Information supplied START

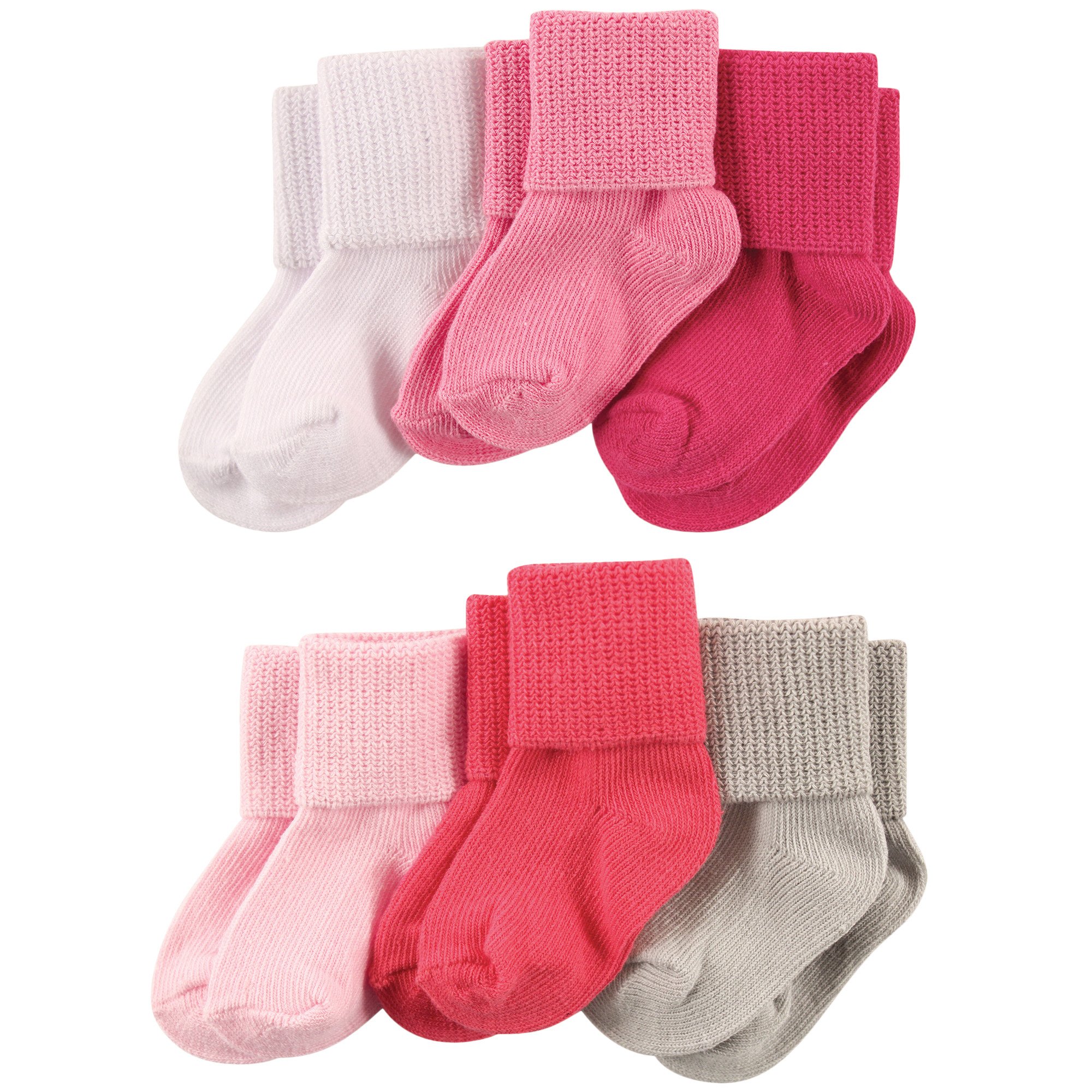 Luvable Friends Baby Basic Cuff Socks 6-Pack, Pink and Coral, 0-6 Months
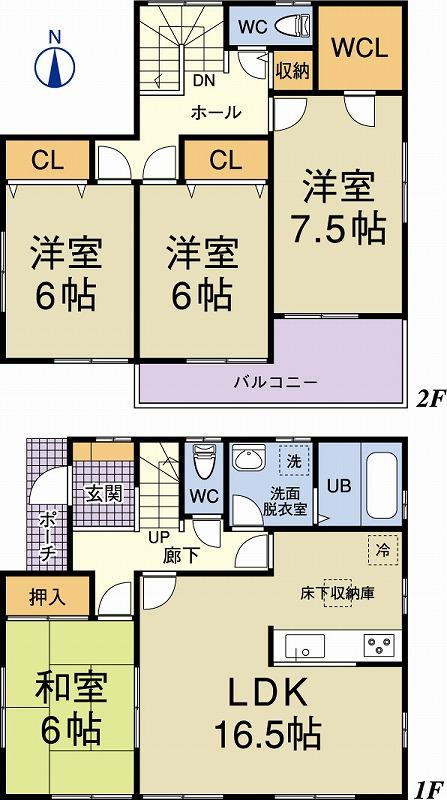 Floor plan. 23.8 million yen, 4LDK, Land area 197.51 sq m , Building area 105.59 sq m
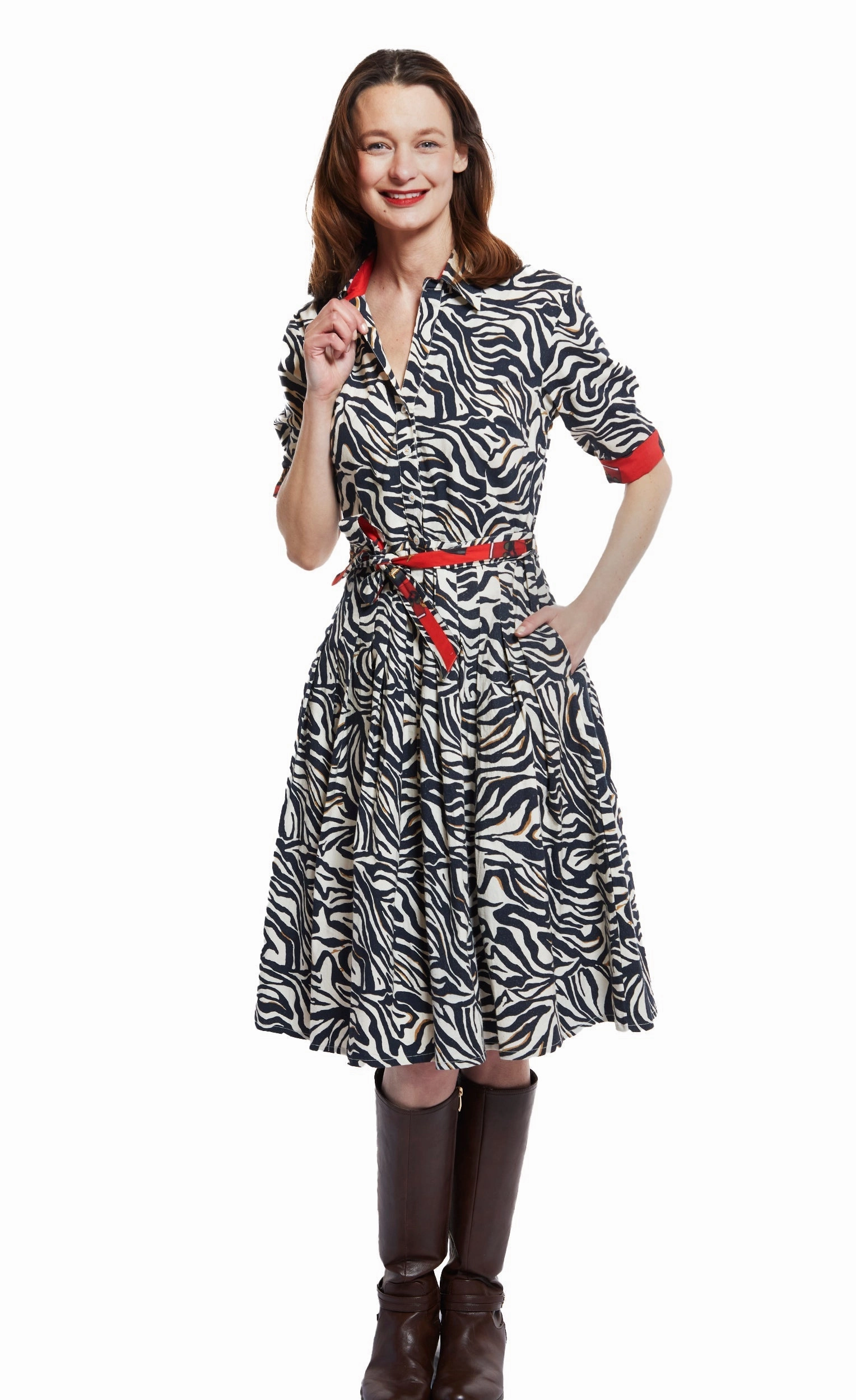 foldable Street Style Mrs Maisel Dress - Black And White Zebra Print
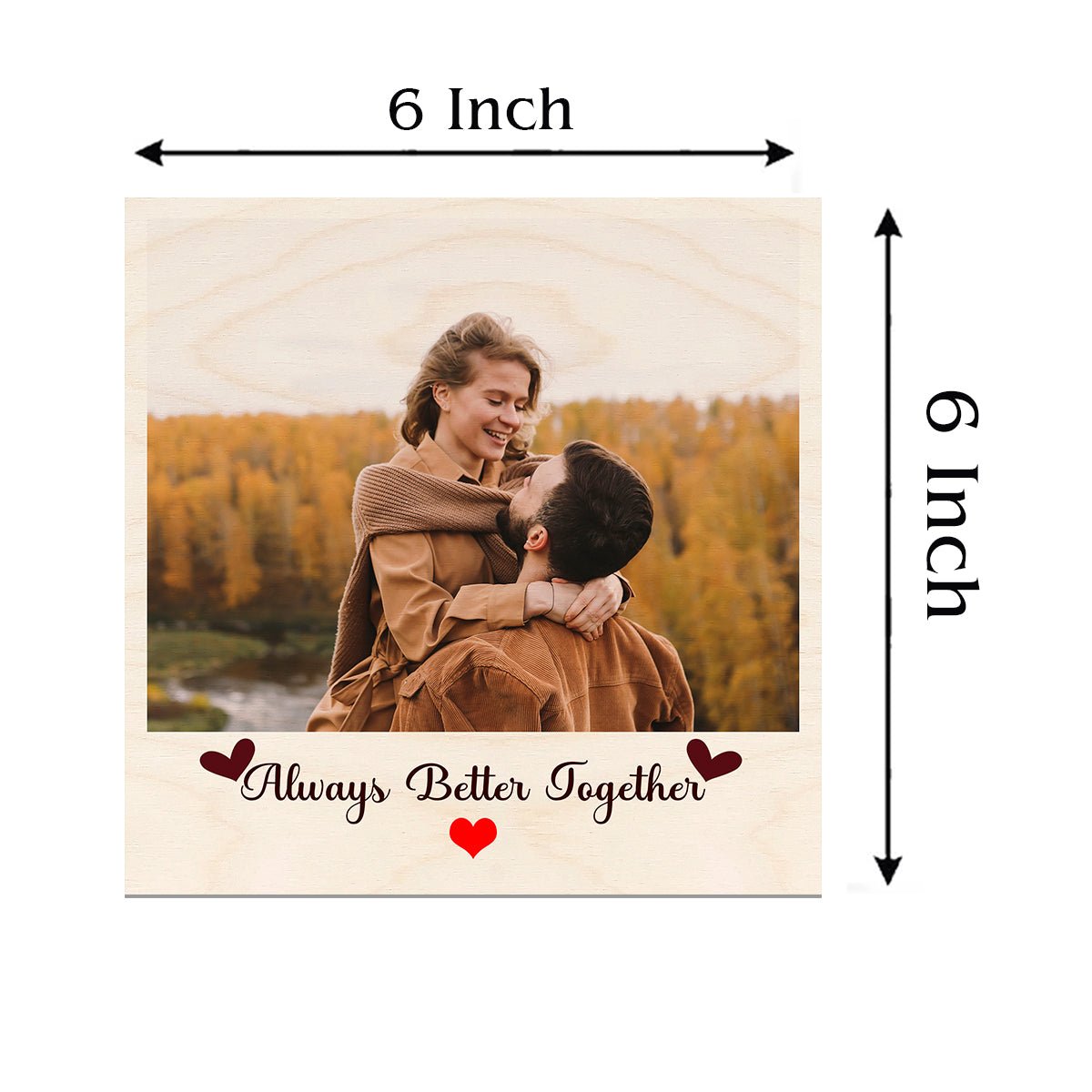 Photo on Wood Plank with Personalized Print and Natural Finish - Sblossom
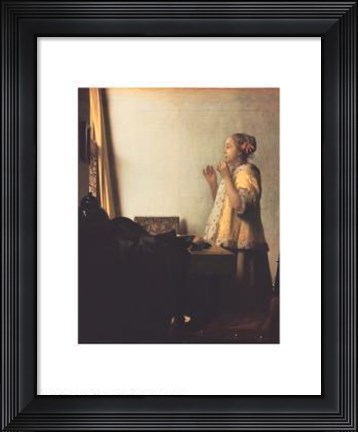 Framed Woman With A Pearl Necklace Print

Information supplied END

**Directions:** Output all of the data exactly as it stands, minus any images.

**Solution for this problem:**
 Luvable Friends Baby Basic Cuff Socks 6-Pack, Pink and Coral, 0-6 Months
 Floor plan. 23.8 million yen, 4LDK, Land area 197.51 sq m , Building area 105.59 sq m
 foldable Street Style Mrs Maisel Dress - Black And White Zebra Print
 Photo on Wood Plank with Personalized Print and Natural Finish - Sblossom
 Framed Woman With A Pearl Necklace Print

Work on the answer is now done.